It’s safe to say the last few years have boldly announced the return of the penguin. While their sheer relevance remains a mystery, our tuxedoed brethren have certainly made a splash onto the silver screen in recent years. Each portrayal of their waddling lives has been memorable, but none has emanated the same level of gusto and stoke as the little guys in Surf’s Up.

The film, featuring the likes of surfing icons Sal Masekala, Rob Machado, and Kelly Slater, premiered last night at Edwards Big Newport Theater, and met unanimous approval from the surfing community. Quiksilver hosted the screening and ensured the pre-screening party was up to snuff, i.e. killer food and a steady supply of drinks. After dinner, the crowd of surf-industry giants and media made their way into the theater.

“It’s awesome. I get a kick out of seeing myself in penguin.” – Rob Machado

Surf’s Up follows the surfing aspirations of Cody Maverick, a teenage penguin hailing from the mean streets of Shiverpool, Antarctica.
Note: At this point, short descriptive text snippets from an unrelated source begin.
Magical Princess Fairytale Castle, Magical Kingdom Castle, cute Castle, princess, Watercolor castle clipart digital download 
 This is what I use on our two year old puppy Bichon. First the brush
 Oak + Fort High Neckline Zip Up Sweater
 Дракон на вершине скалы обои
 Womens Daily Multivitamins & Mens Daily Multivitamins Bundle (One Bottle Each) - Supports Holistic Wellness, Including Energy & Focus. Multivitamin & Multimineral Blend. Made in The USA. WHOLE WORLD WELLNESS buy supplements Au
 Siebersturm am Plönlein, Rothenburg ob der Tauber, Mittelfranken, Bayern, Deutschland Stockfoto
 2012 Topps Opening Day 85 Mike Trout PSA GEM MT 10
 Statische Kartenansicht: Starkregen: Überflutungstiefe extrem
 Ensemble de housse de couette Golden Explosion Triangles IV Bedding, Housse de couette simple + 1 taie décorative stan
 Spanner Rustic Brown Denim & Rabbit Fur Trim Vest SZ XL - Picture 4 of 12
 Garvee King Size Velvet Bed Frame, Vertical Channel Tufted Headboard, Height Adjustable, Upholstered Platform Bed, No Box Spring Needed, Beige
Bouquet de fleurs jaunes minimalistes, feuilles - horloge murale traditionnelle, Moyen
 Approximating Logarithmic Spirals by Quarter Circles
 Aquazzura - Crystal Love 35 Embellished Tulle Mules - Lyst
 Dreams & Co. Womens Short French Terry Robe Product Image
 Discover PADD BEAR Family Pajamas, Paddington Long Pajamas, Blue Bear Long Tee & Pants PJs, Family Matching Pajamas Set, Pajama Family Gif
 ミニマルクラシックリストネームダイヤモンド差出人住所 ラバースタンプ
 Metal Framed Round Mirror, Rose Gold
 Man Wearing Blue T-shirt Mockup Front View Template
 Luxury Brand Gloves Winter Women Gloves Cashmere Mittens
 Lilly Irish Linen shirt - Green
Determined to compete against some of surfing’s most prominent penguins, he gets his feathers ruffled by an antagonist cruel enough to make Lance Burkhart look like Pat O’Connell. Through determination and good friends, Cody manages to find his bearings and – eventually, himself.

“It was an amazing experience,” commented Director Chris Buck on the making of the film. “We even got surf lessons at Seal Beach and started learning to surf. My kids even learned to surf while making this film.”

Among the film’s many highlights was its stellar animation. Aided by countless hours of research and insight from eight-time world champ Kelly Slater, the folks behind Surf’s Up nailed the look of the waves.

“Rob and Kelly provided a lot of insight into waves and the ocean,” said Buck. We tried to emulate Pipe and Jaws and Teauhupoo, and Kelly would explain how the bottom contours might affect the speed and things like that and I think it shows in the final product…”

It definitely showed. As WQS ripper, Jesse Merle Jones attests, “You could tell they put a lot of time in the movie and really tried to get it right.”

The crew’s perseverance in accurately portraying famous breaks like Pipeline make many screen shots indistinguishable from the real thing. In fact, for some it might be difficult to differentiate the real Rob Machado from his penguin doppelganger.

Machado commented, “It’s awesome. I get a kick out of seeing myself in penguin.”

Complete with his trademark sun-bleached mop, the film certainly channels the Machado to highlight an all-around, feel-good surf flick. Kudos to all involved in Surf’s Up and hopefully we can punctuate this penguin era with a good ol’ fashioned march to the beach.